It’s no big secret that the Assassin’s Creed franchise has been going downhill for the last couple of years, with complaints from fans piling up and the last really good entry almost a decade old now. However, it appears that Ubisoft has been listening to the fan’s complaints and with Origins aims to address these complaints. How well they have done this, however, is open to debate.
Origins takes place in ancient Egypt – at the time of Cleopatra, the furthest back in time the series has ever been. You take on the role of Bayek, an Egyptian who is a Medjay – an ancient Egyptian policeman of sorts. Bayek is motivated by the death of his son at the hands of nameless masked figures. Together with his wife, he aims to seek revenge and his travels will take him far from home.
Unfortunately though, the plot soon becomes an over complicated mess. Soon you stop caring about what’s going on other than who to assassinate next. It’s much more interesting to explore the open world, which the game itself encourages with a loose structure.
The three main factors of game play remain the same; stealth, melee combat, and parkour. In the past, none of these elements have been really good individually, with the stealth and combat having been dumbed down and simplified more and more over the years. The stealth isn’t very sophisticated here, although at least it doesn’t restrict your movement like before.
The combat system is entirely new and seems to be influenced by other titles such as Dark Souls.
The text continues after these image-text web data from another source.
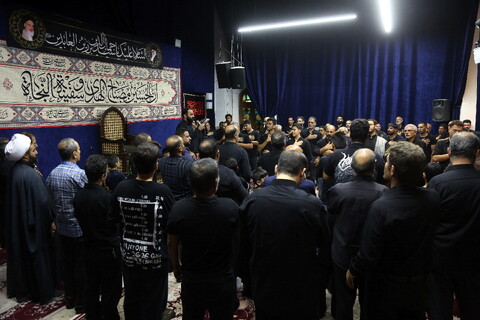 تصاویر/ مراسم عزاداری دهه اول محرم لر زبانان مقیم قم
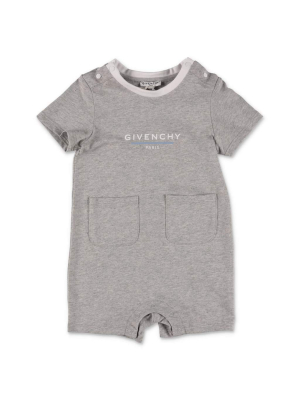 Givenchy Kids Logo Print Babygrow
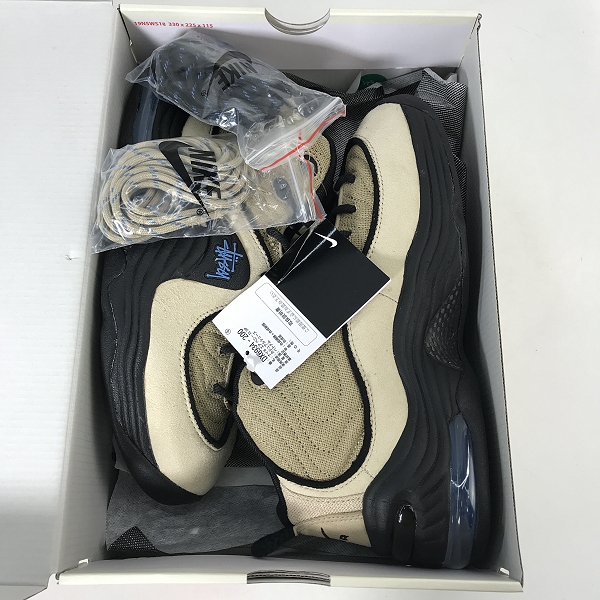 実際に弊社で買取させて頂いた(1)【未使用】 NIKE×Stussy/ナイキ×ステューシー Air Penny 2 Rattan and Limestone スニーカー DX6934-200/26の画像 7枚目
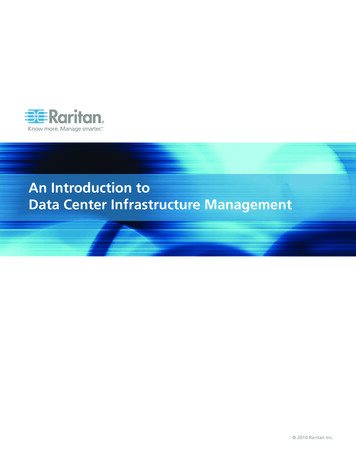AnIntroductionto DataCenterInfrastructureManagement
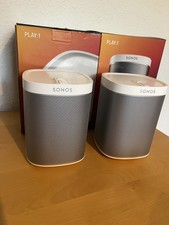 2x Sonos Play:1 Kabelloser Smart-Lautsprecher, weiß- Mit OVP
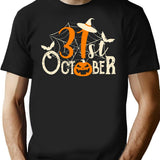 31St October Halloween T-Shirt for Men & Women, T-Shirts Graphic Tee - Black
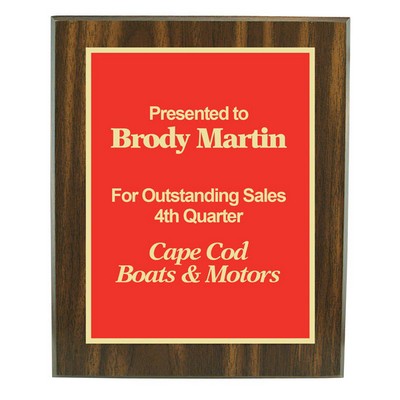 Walnut Finish Plaque (8"x10")
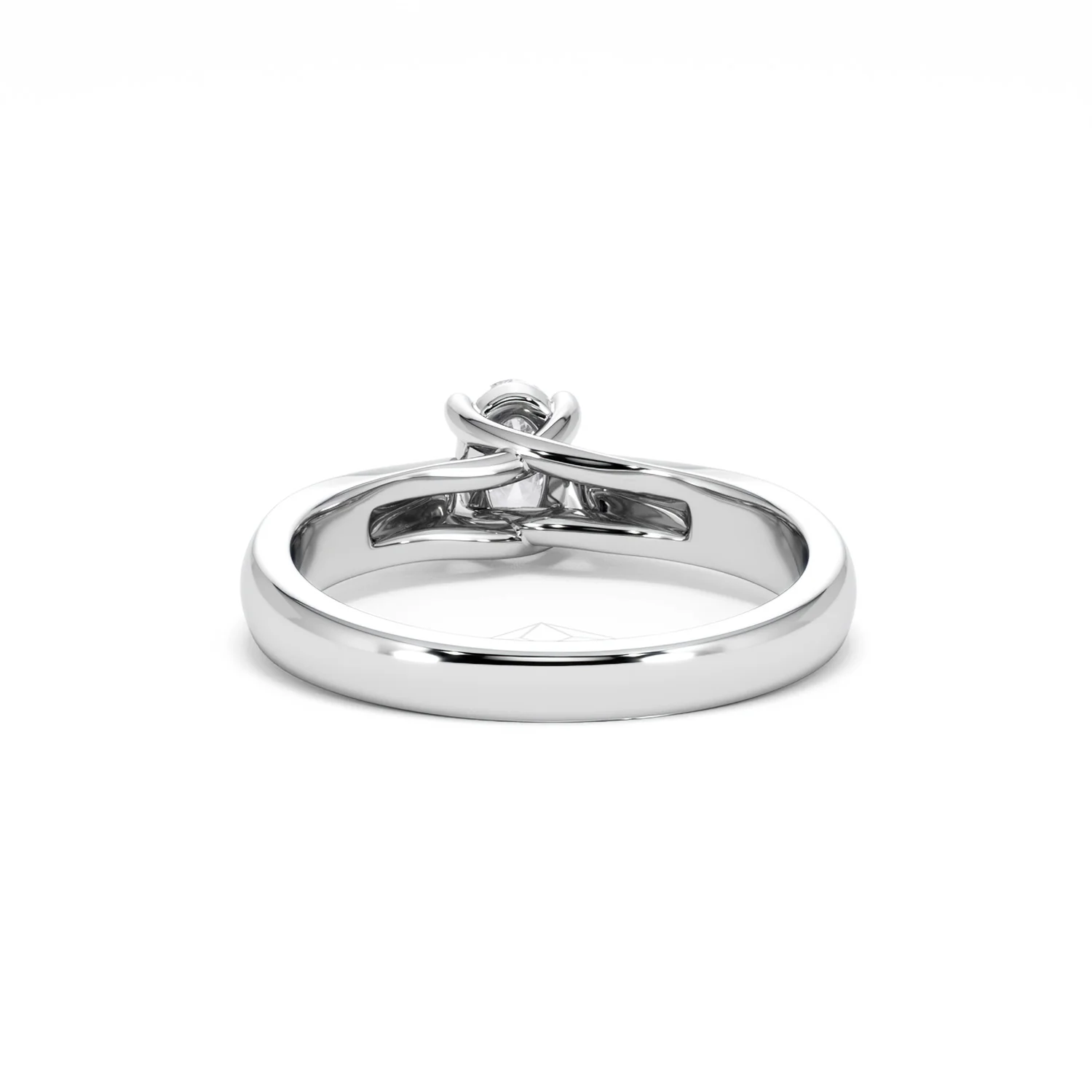 Naomi Oval Cut Lab Diamond Engagement Ring 0.50ct H/SI in 9k White Gold - Image 51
There is a great emphasis on blocks, parries and dodges. However the movement is much too fast and jittery and the lock-on system and camera also have real difficulty dealing with multiple enemies at once. This makes the combat as a whole feel clumsy and imprecise.
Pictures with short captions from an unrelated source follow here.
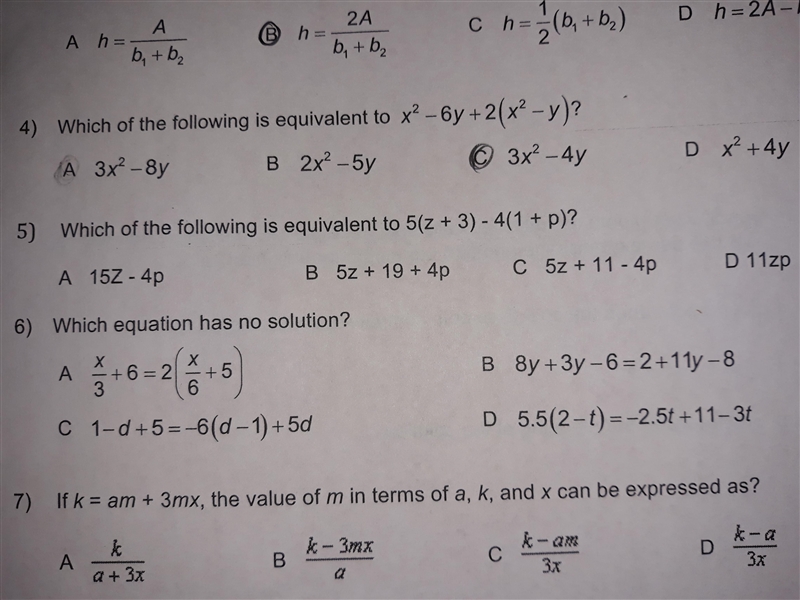 I need help with #6 Can u also show work ?-example-1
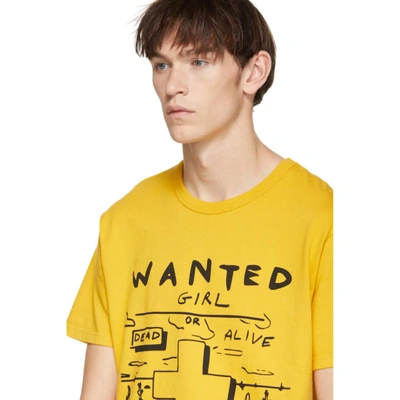 Shop Bianca Chandon Yellow Wanted T-shirt In Gold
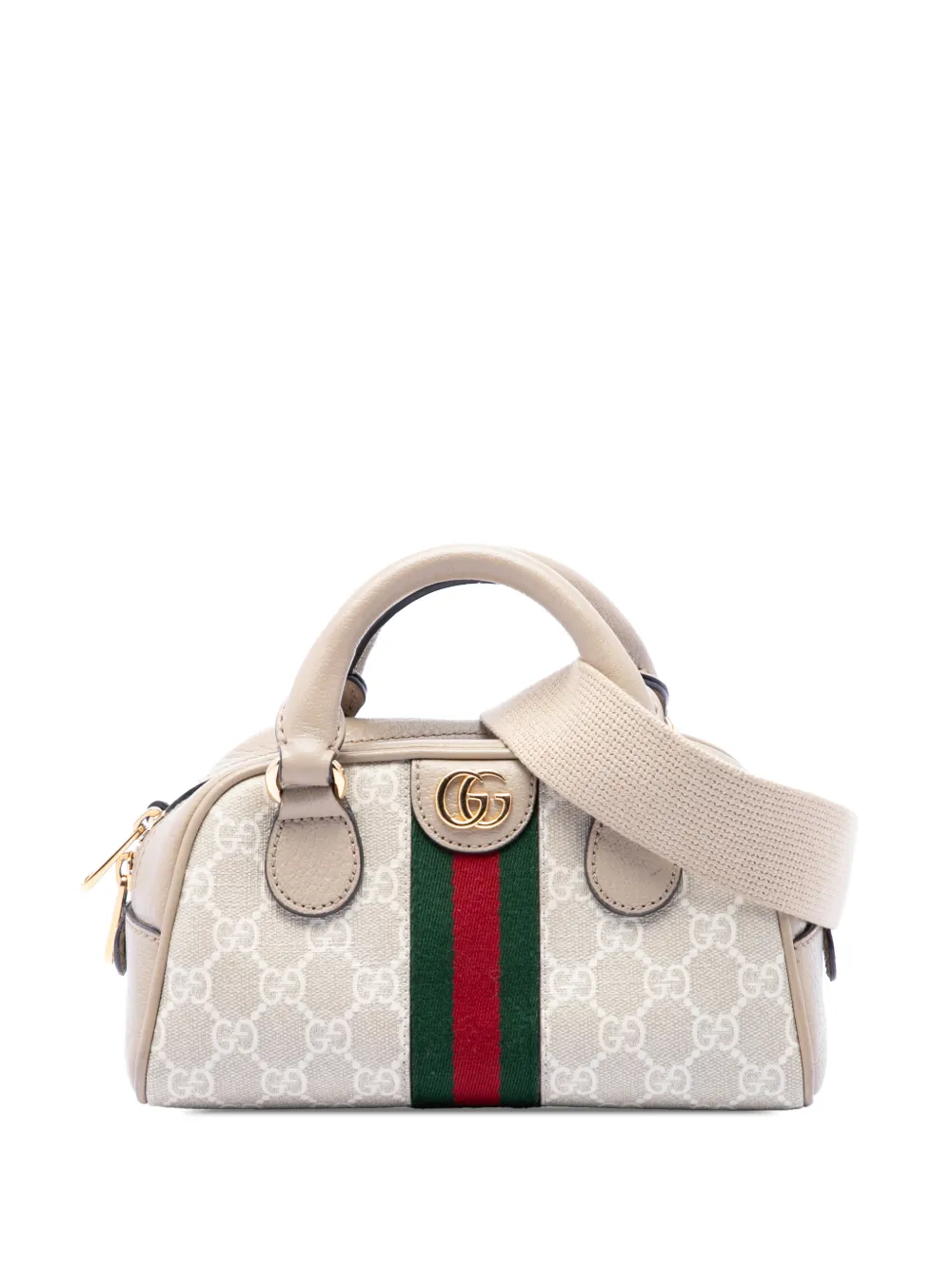Gucci Pre-Owned 2016-2026 Mini GG Supreme Web Ophidia satchel - Toni neutri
The parkour is definitely an improvement over the previous games however it still lacks the grace and flow to your leaps and bounds. It is the most improved of the three main elements though, and makes moving around easier and more enjoyable than it’s ever been.
The graphics are very impressive indeed, with landscapes being expansive and highly detailed. The human characters are less so, however that may be due to how many of them there are. Most areas are barren and empty with little or nothing to do in them though.
You can tell that the developers have been listening to complaints put forward by the fan base, however their attempts to fix these issues are either half-baked or try to replace the problems with new systems which cause more problems of their own.